We have recently developed a sophisticated multi-sleeve optimization engine set to provide the most suitable asset allocation for a given risk profile, while respecting multi-level allocation restriction rules.

Essentially, we strive to obtain an optimal decision while taking into consideration the trade-offs between two or more conflicting objectives. For example, if you consider a wide universe of constituents, we can find a subset selection and their respective allocations to satisfy the following:

Maximizing Sharpe
Widely diversified portfolio with certain allocation restrictions across certain asset classes, market sectors and growth/value classifications
Restricting volatility
Minimizing turnover

We can also determine the proper rebalance frequency and validate the recommended methodology with a comprehensive backtest.

Image 2: BlackDog YTD– benchmark is AQR’s Risk Parity Fund Class B
Past performance is no guarantee of future returns.

Forecasting the Top 10 Positions in the S&P;

Lucena’s Forecaster uses a predetermined set of 10 factors that are selected from a large set of over 500. Self-adjusting to the most recent data, we apply a genetic algorithm (GA) process that runs over the weekend to identify the most predictive set of factors based on which our price forecasts are assessed. These factors (together called a “model”) are used to forecast the price and its corresponding confidence score of every stock in the S&P.; Our machine-learning algorithm travels back in time over a look-back period (or a training period) and searches for historical states in which the underlying equities were similar to their current state. By assessing how prices moved forward in the past, we anticipate their projected price change and forecast their volatility.

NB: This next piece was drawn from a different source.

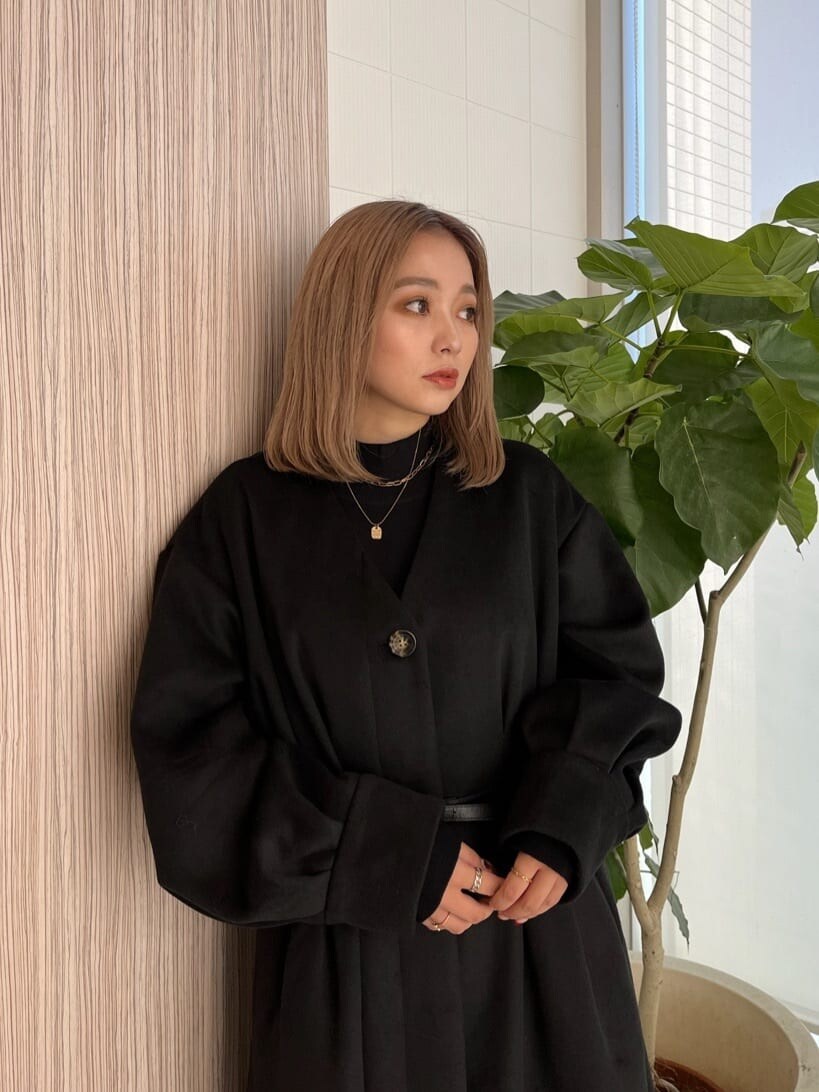 「murua、#アウター、大人カジュアル、ロングコート、冬アウター、ブラックコーデ」｜「MURUAのオーバースリーブノーカラーコート（ノーカラーコート、ブラック系）」を使った、國岡朋実さん（レディース・156cm）の秋コーディネートの8枚目の写真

The charts below represent the new model and the top 10 positions assessed by Lucena’s Price Forecaster.

*Image 3: Default model for the coming week.*

The top 10 forecast chart below delineates the ten positions in the S&P; with the highest projected market-relative return combined with their highest confidence score.

Image 4: Forecasting the top 10 position in the S&P; 500 for the coming week. The yellow stars (0 stars meaning poorest and 5 stars meaning strongest) represent the confidence score based on the forecasted volatility, while the blue stars represent backtest scoring as to how successful the machine was in forecasting the underlying asset over the lookback period -- in our case, the last 3 months.

To view a brief video of all the major functions of QuantDesk, please click on the following link:

QuantDesk Overview

Analysis

The table below presents the trailing 12-month performance and a YTD comparison between the two model strategies we cover in this newsletter (BlackDog and Tiebreaker), as well as the two ETFs representing the major US indexes (the DOW and the S&P;).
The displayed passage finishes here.